В 3 ч. дня, на смену бежавшим миноносцам, появились далеко впереди три „собачки”, затем один из старых крейсеров (кажется „Мацусима”) и наконец два броненосных крейсера. Никаких попыток воспрепятствовать нашему торжественному шествию они не предпринимали, только поглядывали издали, чем вызвали не мало насмешек со стороны наших остряков, утверждавших, что они непростительно зевают, что тут бы им и наброситься, пока мы „кота хороним”...
В 4 ч. 30 мин. дня, считая себя на чистой воде, эскадра остановилась. Тралящий караван начал убирать свои тралы (длинная история), а затем пошел обратно в П.-Артур, конвоируемый вторым отрядом миноносцев. Эскадра, держась на месте, прикрывала их отступление, а в 5 ч. начала перестраиваться в боевой порядок: одна кильватерная колонна, впереди которой — броненосцы (головной „Цесаревич”), а сзади — крейсера (головной „Аскольд”).
Взяли курс SO 20°, иначе говоря — к Шантунгу.
В 6 ч. 40 м. вечера впереди и влево от курса, примерно на SO, увидели главные силы японского флота, шедшие нам на пересечку. Они были почти в полном составе: 4 броненосца, в одном отряде с которыми шли „Кассуга” и „Ниссин”, 4 броненосных крейсера, „Чин-Иен”, предводительствующий тремя старыми крейсерами, „собачки”, другой отряд легких крейсеров и миноносцы. Этих последних в ближайших отрядах мы могли насчитать 18, но за ними виднелись еще довольно многочисленные дымки...
— Все тут! — Даже „Чин-Иен” вытащили! — Еще бы! — С нашими секретными сборами! — За четыре дня хоть из-под Владивостока могли вызвать! — Будет игра! — перекидывались офицеры отрывочными замечаниями.
Но, повторю опять, настроение было прекрасное: бодро и весело ждали решительного боя.
— Ночью, братец мой, дыхнуть не дадут! Живи при своей орудии, как знаешь! Запасай провиант с вечера! — шутили матросы, укладывая за пазуху сухари и разнося по орудиям чайники с чаем...
— Чтобы содовая и сельтерская были во всех плутонгах!
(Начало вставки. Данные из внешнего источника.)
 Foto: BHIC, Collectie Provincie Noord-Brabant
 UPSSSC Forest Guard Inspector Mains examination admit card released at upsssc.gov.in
Хлеб и закуски — тоже! — хлопотал содержатель кают-компании...
В 7 ч. вечера пробили боевую тревогу.
Эскадры сближались...
Неожиданно „Цесаревич” круто повернул влево, почти на обратный курс... За ним — вся колонна... Главные силы японцев не погнались за нами, но продолжали идти прежним курсом. (Может быть они не верили? подозревали какую-нибудь ловушку?).
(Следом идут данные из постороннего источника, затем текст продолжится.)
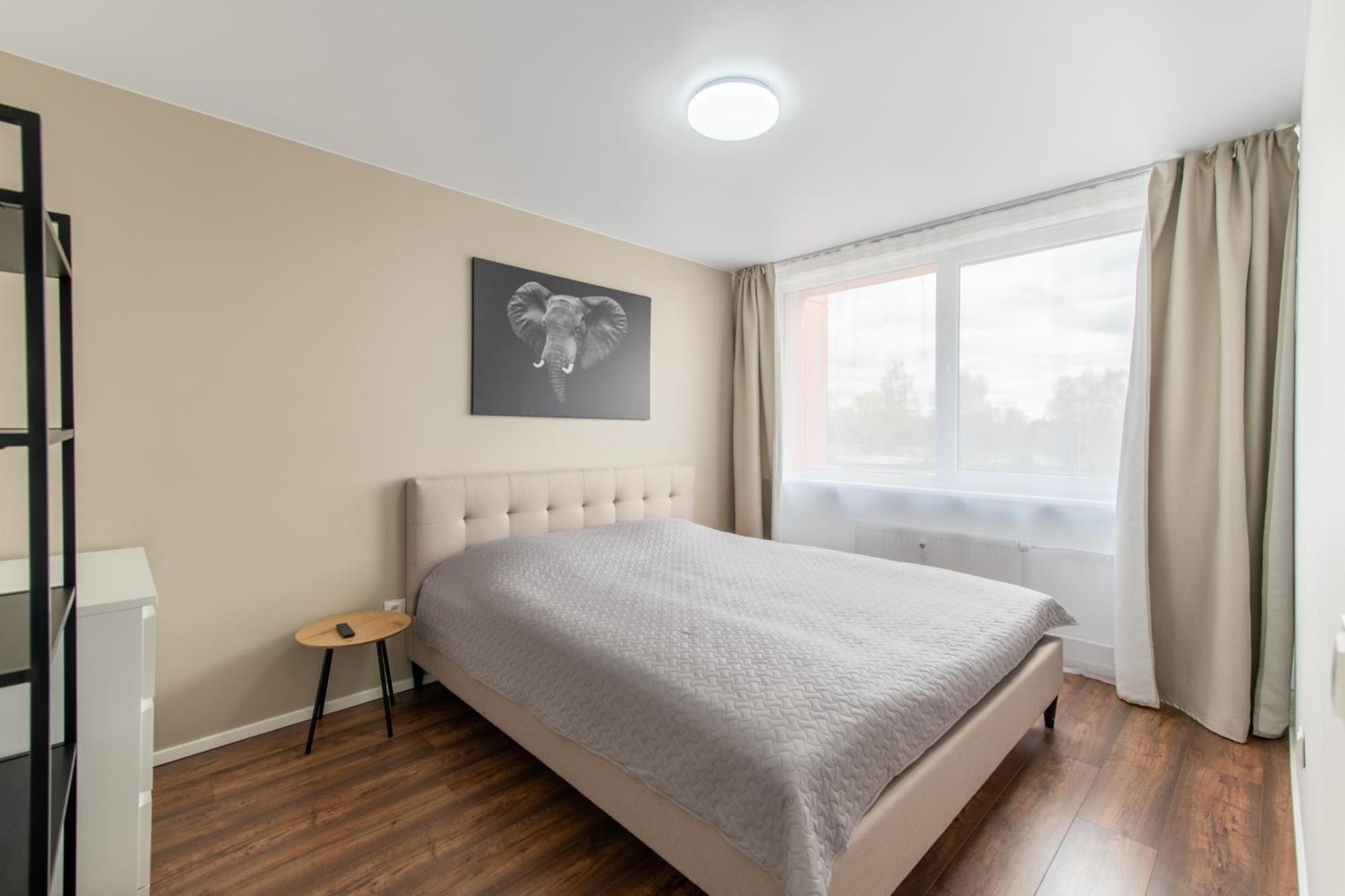 Stiklo Apartamentai Radziwiliszki エクステリア 写真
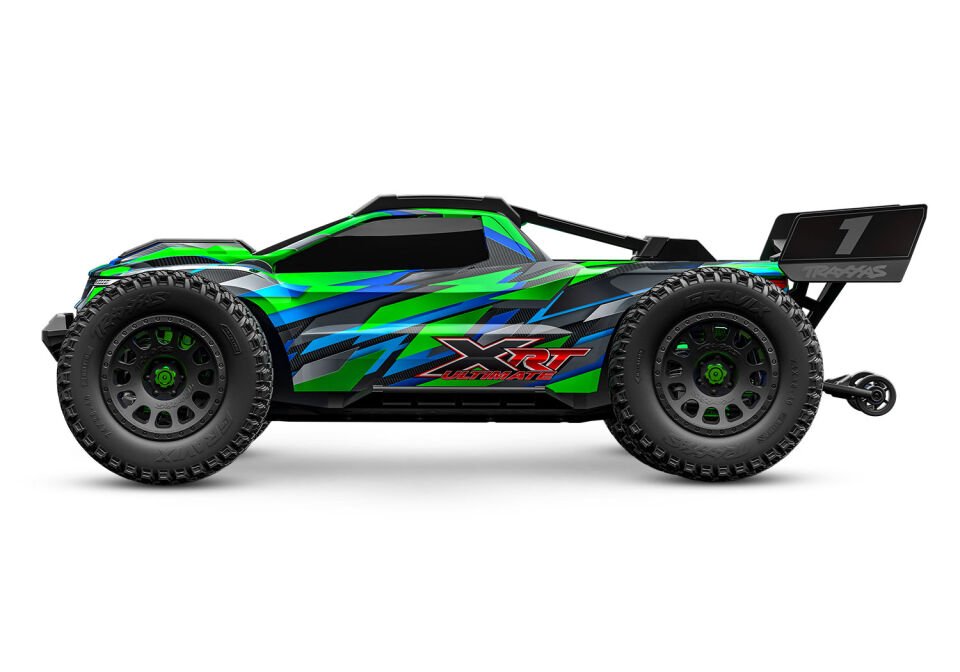 XRT 8S ULTIMATE Edition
В 7 ч. 50 м. вечера в наступающих сумерках мы потеряли их из виду. Они ушли куда-то на запад.
Мы сначала тоже не верили, но чем дальше, тем очевиднее становилась истина: эскадра возвращалась в Порт-Артур, бежала, едва завидев неприятеля...
— Что такое? — Что случилось? — Да как же так?.. — слышались растерянные, недоумевающие голоса...
Однако гадать было некогда. Приходилось действовать. Главные силы неприятеля скрылись на западе, но зато его миноносцы (теперь мы насчитывали их до 30) рассыпались по горизонту, вне дальности наших выстрелов, и спешили справа и слева обойти нас, выйти на курс, конечно для атаки...
В момент поворота эскадра находилась в 23 милях от Порт-Артура. Быстро темнело. Большая часть миноносцев обходила нас с востока, т.-е. справа, а меньшая — слева. Не помню как (у меня не записано) — сигналом, телеграфом или как-нибудь иначе отдано было приказание, но только крейсера („Аскольд”, „Баян”, „Палдада” и „Диана”), увеличив скорость, вышли вправо от броненосцев, а „Новик” и миноносцы — влево от них. Наше назначение было очевидно: принять на себя минную атаку и уберечь от нее главные силы. Погода благоприятствовала — ясная, тихая ночь и луна в, первой четверти. Не очень светло, но все же кое-что видно.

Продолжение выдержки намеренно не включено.